==== Records for this exercise
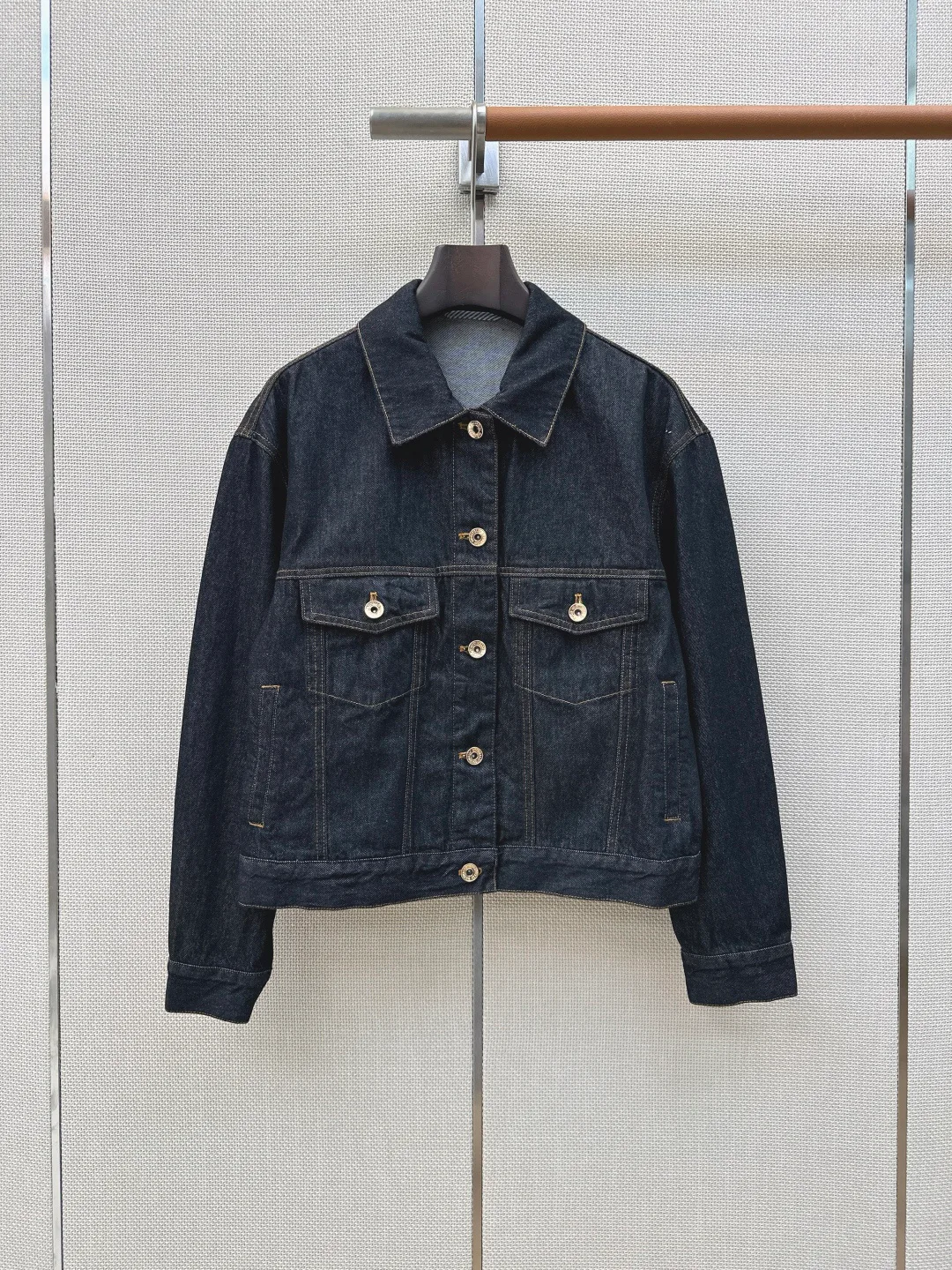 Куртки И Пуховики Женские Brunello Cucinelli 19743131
========
==== Records for this exercise
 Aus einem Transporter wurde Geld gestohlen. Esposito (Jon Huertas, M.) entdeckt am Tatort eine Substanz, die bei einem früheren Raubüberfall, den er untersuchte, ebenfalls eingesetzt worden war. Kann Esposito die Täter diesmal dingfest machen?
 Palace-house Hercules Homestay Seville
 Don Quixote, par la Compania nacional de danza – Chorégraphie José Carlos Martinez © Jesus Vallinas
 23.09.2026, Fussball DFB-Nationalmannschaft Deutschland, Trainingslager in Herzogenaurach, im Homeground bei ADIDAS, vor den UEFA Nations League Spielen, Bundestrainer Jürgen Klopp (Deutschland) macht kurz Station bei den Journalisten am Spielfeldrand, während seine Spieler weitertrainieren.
========
▶ Aim of the exercise: Your answer should be the lines above, from the line containing "Aus einem Transporter" up to and including the line containing "23.09.2026, Fussball DFB-Nationalmannschaft", reproduced exactly and with nothing else.

▶ Exercise result:
 Aus einem Transporter wurde Geld gestohlen. Esposito (Jon Huertas, M.) entdeckt am Tatort eine Substanz, die bei einem früheren Raubüberfall, den er untersuchte, ebenfalls eingesetzt worden war. Kann Esposito die Täter diesmal dingfest machen?
 Palace-house Hercules Homestay Seville
 Don Quixote, par la Compania nacional de danza – Chorégraphie José Carlos Martinez © Jesus Vallinas
 23.09.2026, Fussball DFB-Nationalmannschaft Deutschland, Trainingslager in Herzogenaurach, im Homeground bei ADIDAS, vor den UEFA Nations League Spielen, Bundestrainer Jürgen Klopp (Deutschland) macht kurz Station bei den Journalisten am Spielfeldrand, während seine Spieler weitertrainieren.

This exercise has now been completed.